YOUR OBJECTIVE: Across the records below, report how many lines include the word "quartos", stating the number alone.
DATASET RECORDS START
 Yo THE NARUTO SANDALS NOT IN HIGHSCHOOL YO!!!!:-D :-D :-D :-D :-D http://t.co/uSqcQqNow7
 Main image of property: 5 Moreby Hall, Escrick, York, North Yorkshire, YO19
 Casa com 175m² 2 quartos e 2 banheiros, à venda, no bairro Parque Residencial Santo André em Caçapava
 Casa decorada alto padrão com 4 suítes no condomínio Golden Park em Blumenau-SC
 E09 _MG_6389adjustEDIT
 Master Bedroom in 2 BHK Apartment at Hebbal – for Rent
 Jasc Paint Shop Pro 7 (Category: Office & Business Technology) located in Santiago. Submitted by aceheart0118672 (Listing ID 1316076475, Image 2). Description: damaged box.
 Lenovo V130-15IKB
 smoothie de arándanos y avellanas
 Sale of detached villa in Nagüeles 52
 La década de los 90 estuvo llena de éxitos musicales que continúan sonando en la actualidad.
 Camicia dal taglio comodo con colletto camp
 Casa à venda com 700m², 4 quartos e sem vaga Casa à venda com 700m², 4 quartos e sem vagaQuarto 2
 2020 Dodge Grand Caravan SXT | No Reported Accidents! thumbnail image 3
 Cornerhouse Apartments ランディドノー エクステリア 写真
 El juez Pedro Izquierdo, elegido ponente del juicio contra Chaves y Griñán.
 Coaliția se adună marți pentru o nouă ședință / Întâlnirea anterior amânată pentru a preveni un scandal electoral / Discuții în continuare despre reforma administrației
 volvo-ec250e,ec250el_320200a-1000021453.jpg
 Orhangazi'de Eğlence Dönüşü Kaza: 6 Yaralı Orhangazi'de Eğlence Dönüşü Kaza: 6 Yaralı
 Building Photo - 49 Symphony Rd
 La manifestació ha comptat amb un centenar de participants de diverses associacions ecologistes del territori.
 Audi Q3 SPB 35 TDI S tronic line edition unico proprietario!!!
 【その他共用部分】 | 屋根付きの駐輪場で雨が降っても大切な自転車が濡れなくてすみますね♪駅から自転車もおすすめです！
DATASET RECORDS END
RESULT: 2